◆ **Exercise description**:
Transcribe the full listing, keeping every word as it stands.

╭──

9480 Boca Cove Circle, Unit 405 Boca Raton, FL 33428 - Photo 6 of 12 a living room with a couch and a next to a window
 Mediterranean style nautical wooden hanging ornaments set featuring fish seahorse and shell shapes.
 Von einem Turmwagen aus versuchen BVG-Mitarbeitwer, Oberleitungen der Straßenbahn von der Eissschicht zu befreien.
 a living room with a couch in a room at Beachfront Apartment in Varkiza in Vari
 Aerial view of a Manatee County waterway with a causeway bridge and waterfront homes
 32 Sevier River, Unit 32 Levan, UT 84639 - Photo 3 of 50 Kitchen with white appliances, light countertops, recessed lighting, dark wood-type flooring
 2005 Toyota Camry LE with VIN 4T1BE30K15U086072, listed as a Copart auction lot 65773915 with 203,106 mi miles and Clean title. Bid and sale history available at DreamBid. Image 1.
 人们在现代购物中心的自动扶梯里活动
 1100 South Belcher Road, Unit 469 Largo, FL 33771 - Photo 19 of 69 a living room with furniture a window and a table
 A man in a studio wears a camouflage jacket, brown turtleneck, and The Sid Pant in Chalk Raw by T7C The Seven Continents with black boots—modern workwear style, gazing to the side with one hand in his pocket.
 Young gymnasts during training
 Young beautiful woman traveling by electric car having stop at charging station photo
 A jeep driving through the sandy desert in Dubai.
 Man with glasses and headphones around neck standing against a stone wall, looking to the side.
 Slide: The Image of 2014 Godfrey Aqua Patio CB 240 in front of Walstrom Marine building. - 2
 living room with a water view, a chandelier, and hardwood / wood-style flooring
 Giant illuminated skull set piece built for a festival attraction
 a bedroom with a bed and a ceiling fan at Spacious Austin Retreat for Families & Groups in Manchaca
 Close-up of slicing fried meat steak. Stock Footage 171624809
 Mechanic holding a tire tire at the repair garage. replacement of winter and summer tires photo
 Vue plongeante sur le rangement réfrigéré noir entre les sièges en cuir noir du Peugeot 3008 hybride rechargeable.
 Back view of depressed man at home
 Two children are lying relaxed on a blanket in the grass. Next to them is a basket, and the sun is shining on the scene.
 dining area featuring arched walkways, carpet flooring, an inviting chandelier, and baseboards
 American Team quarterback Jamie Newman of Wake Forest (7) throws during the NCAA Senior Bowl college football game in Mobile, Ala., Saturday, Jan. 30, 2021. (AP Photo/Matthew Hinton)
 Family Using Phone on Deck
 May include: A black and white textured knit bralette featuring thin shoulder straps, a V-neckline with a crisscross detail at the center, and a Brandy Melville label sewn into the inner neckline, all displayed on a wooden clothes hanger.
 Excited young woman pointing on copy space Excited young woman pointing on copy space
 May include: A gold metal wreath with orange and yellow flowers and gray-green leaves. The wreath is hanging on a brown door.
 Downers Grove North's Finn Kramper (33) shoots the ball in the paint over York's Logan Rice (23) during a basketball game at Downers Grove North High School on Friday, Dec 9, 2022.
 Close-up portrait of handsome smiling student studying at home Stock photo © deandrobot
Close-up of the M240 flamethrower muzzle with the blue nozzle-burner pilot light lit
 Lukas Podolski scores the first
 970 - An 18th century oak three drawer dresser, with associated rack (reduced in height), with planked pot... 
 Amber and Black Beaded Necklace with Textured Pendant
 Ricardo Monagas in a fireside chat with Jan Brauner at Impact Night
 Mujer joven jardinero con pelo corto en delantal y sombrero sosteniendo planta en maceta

╰──

◆ **Problem solution**:
9480 Boca Cove Circle, Unit 405 Boca Raton, FL 33428 - Photo 6 of 12 a living room with a couch and a next to a window
 Mediterranean style nautical wooden hanging ornaments set featuring fish seahorse and shell shapes.
 Von einem Turmwagen aus versuchen BVG-Mitarbeitwer, Oberleitungen der Straßenbahn von der Eissschicht zu befreien.
 a living room with a couch in a room at Beachfront Apartment in Varkiza in Vari
 Aerial view of a Manatee County waterway with a causeway bridge and waterfront homes
 32 Sevier River, Unit 32 Levan, UT 84639 - Photo 3 of 50 Kitchen with white appliances, light countertops, recessed lighting, dark wood-type flooring
 2005 Toyota Camry LE with VIN 4T1BE30K15U086072, listed as a Copart auction lot 65773915 with 203,106 mi miles and Clean title. Bid and sale history available at DreamBid. Image 1.
 人们在现代购物中心的自动扶梯里活动
 1100 South Belcher Road, Unit 469 Largo, FL 33771 - Photo 19 of 69 a living room with furniture a window and a table
 A man in a studio wears a camouflage jacket, brown turtleneck, and The Sid Pant in Chalk Raw by T7C The Seven Continents with black boots—modern workwear style, gazing to the side with one hand in his pocket.
 Young gymnasts during training
 Young beautiful woman traveling by electric car having stop at charging station photo
 A jeep driving through the sandy desert in Dubai.
 Man with glasses and headphones around neck standing against a stone wall, looking to the side.
 Slide: The Image of 2014 Godfrey Aqua Patio CB 240 in front of Walstrom Marine building. - 2
 living room with a water view, a chandelier, and hardwood / wood-style flooring
 Giant illuminated skull set piece built for a festival attraction
 a bedroom with a bed and a ceiling fan at Spacious Austin Retreat for Families & Groups in Manchaca
 Close-up of slicing fried meat steak. Stock Footage 171624809
 Mechanic holding a tire tire at the repair garage. replacement of winter and summer tires photo
 Vue plongeante sur le rangement réfrigéré noir entre les sièges en cuir noir du Peugeot 3008 hybride rechargeable.
 Back view of depressed man at home
 Two children are lying relaxed on a blanket in the grass. Next to them is a basket, and the sun is shining on the scene.
 dining area featuring arched walkways, carpet flooring, an inviting chandelier, and baseboards
 American Team quarterback Jamie Newman of Wake Forest (7) throws during the NCAA Senior Bowl college football game in Mobile, Ala., Saturday, Jan. 30, 2021. (AP Photo/Matthew Hinton)
 Family Using Phone on Deck
 May include: A black and white textured knit bralette featuring thin shoulder straps, a V-neckline with a crisscross detail at the center, and a Brandy Melville label sewn into the inner neckline, all displayed on a wooden clothes hanger.
 Excited young woman pointing on copy space Excited young woman pointing on copy space
 May include: A gold metal wreath with orange and yellow flowers and gray-green leaves. The wreath is hanging on a brown door.
 Downers Grove North's Finn Kramper (33) shoots the ball in the paint over York's Logan Rice (23) during a basketball game at Downers Grove North High School on Friday, Dec 9, 2022.
 Close-up portrait of handsome smiling student studying at home Stock photo © deandrobot
Close-up of the M240 flamethrower muzzle with the blue nozzle-burner pilot light lit
 Lukas Podolski scores the first
 970 - An 18th century oak three drawer dresser, with associated rack (reduced in height), with planked pot... 
 Amber and Black Beaded Necklace with Textured Pendant
 Ricardo Monagas in a fireside chat with Jan Brauner at Impact Night
 Mujer joven jardinero con pelo corto en delantal y sombrero sosteniendo planta en maceta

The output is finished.